The beginning of this pregnancy found us always looking at the growth of babies at each week. Hands, fingers, bone growth, brain development etc... Now nearing the end, as baby development is less intense I find myself looking at other landmarks along the pregnancy. Some of the things that crossed my mind were survival rates if born at 25 weeks, 30 weeks etc. Now that we are nearing the countdown, (well, almost), I am excited for week 36 to roll around because that means I would be able to have the baby at the Campbell River Hospital which is only a 9 minute ferry ride away. Any earlier and I would be flown away to Victoria, Nanaimo or Vancouver! Once we reach 37 weeks, I will be considered full term and will be able to have a home birth as planned.

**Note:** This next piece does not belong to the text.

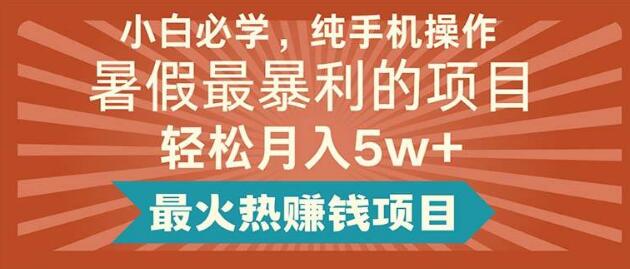 图片[1]-暑假赚钱秘籍，小白友好，纯手机操作，轻松实现月收入5万+-阿志说钱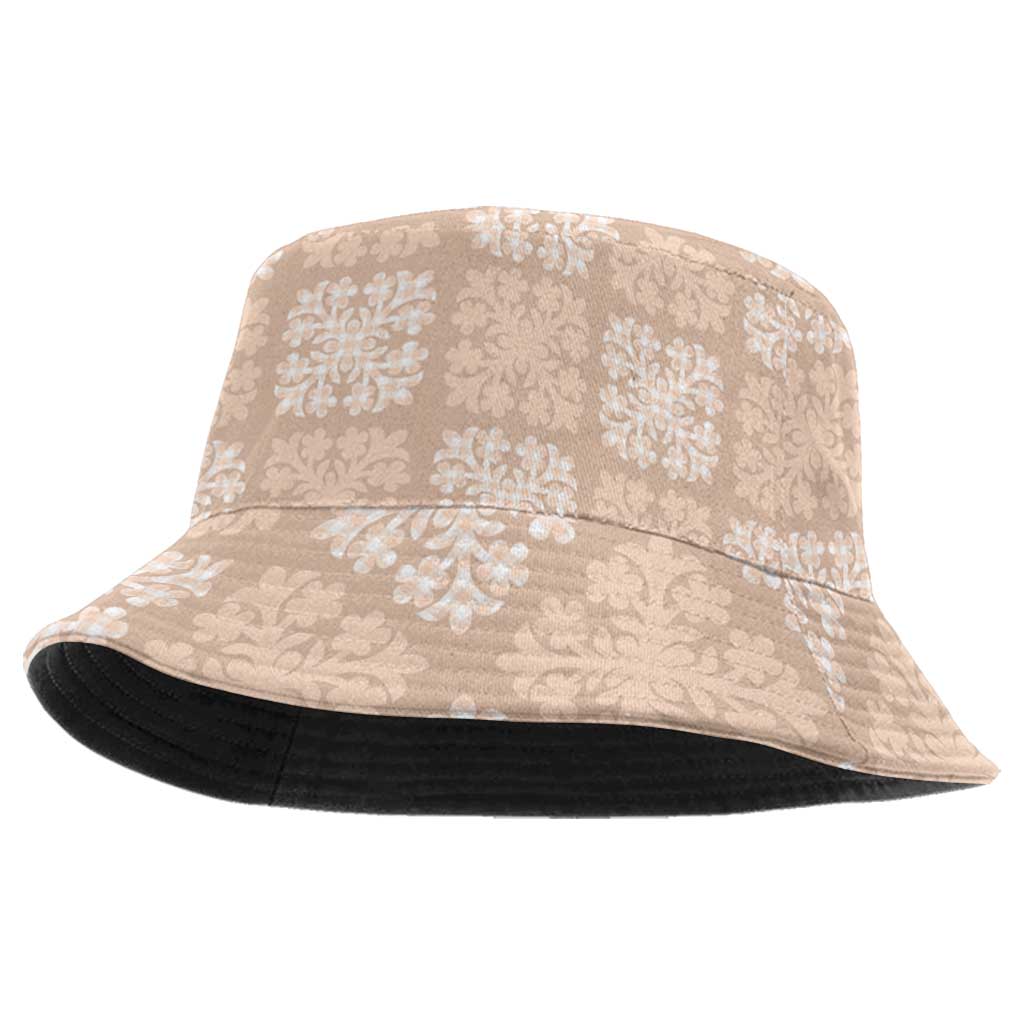 Beige Palaka Quilt Hawaii Bucket Hat Traditional Hawaii-plaid Pattern - Polynesian Pride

Our midwife is not legally allowed to do homebirth on our little Gulf Island; our plan is to have the baby at Janet' and Case's house (Jordan's mom and partner) in Campbell River.

I am feeling prepared and ready to give birth. 9 months is a good amount of time to prepare. To contemplate, to grow and learn about babies - its enough time to explore parental options as well as personal education and career options. Of course you can never fully plan anything - you need to go with and adapt to whatever comes your way, but its good to figure some things out, its good to visualize what it is you want and therefor strive for it. I don't care that I may come across as 'over the top', but I have thought about such 'basic' things as to co sleep or not, crib or not, vaccines or not or some, to buy or not, cloth or plastic diapers, communication, attachment, socialisation, intelligence - all baby stuff really. I have grown fascinated with these things. Did I ever think I would be like this 5 years ago? Babies and all?? No way.

But I do know that I am the type of person who will get interested in something and then fully immerse myself into it until I am full satiated. That's why I have sometimes felt that journalism would be such a fulfilling career - to immerse oneself and learn all you can on a subject and then write about it. That's the dream though and I am sure in reality the job wouldn't always be quite so adventurous (like the poor reporters who have to write/report on the progress of the BC Stadium roof coming up....ugh).

Offspring is a lifelong adventure. I look at our parents and they are not only still parenting( in a different way of course), they are also grandparenting!

So in these months of growing a baby, I have also been loading my mind and senses with new things. Its been really enriching. I am how I have always been, a thinker, never an extremist. I like to hear all sides and let things sink in. I make my own decisions and I am always confident in them because I have taken the time to think them through. Regardless of any ones opinion. Jordan is very similar and I think when it will come to parenting, we will have a good time together.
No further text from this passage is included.